After a few long days on the road, our eyes shut on blind bends and detours around landslips, Lucho brought us to his finca, which was titled from abbreviations of the names of all his children. A composite word that looked as if it had been constructed to represent something impossible in the Quechua language. The children now lived with their mother in another country on the far side of the Pacific. The small farm was somewhere to take stock, to dip in a green pool that might yet become a fish speculation, and to prepare for our descent, on foot, to the river.

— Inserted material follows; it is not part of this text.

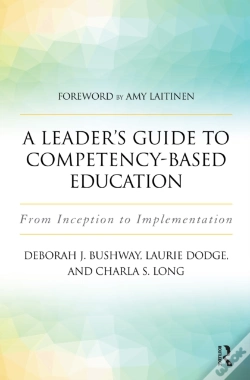 Capa do artigo Leader'S Guide To Competency-Based Education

The stories came, after dark, at the long table where we took our communal dinner. We had brought, against advice, a bottle of native Peruvian wine, and it did not disappoint. It was every bit as wretched, perfumed like cheap hair oil, as Lucho had warned. But there were assorted herbal beers on offer and, for the reckless among us, a mouth-numbing hit from the moonshiner’s carboy with the metal tap. This festering trench water had a few inches of bloody scum on the surface. And it was just possible to see something as thick as my wrist floating, or moving, through it. A decapitated snake. The medicinal potion took months to ferment, dripping slowly now into china mugs, where faint pomegranate patterns had been brutally dissolved by the acid of previous infusions.

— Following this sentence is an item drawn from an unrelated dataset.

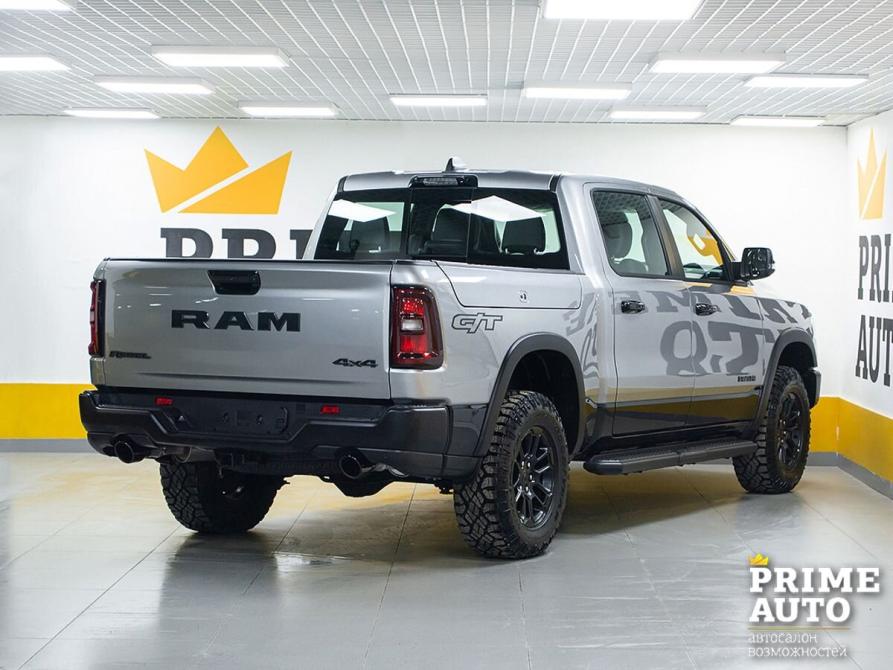 Ram 1500 V Рестайлинг Новосибирск  - изображение 6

The kitchen was a gracious room with crossbeams like a native hut, but high-roofed in recycled corrugated materials and dressed with stained-glass windows rescued from failed investments, demolished hotels, bars, bordellos. The finca was a history of reconsidered projects, nothing wasted. A huge, nailpaint-loud red American fridge was freestanding in the middle of the floor, like a resprayed version of Kubrick’s monolith from 2001: A Space Odyssey. A pop art trophy scavenged from some Cola-supplied counter-insurgency base in El Salvador. The fridge was not connected and now served as a store cupboard for preserving important documents from the depredations of ants. It was surrounded by bunches of green bananas, freshly cut that morning by visitors trusted with lethal machetes. Sliced razor-thin and quickfried in deep fat, the plantains would provide a crunchy base for our fish dinner.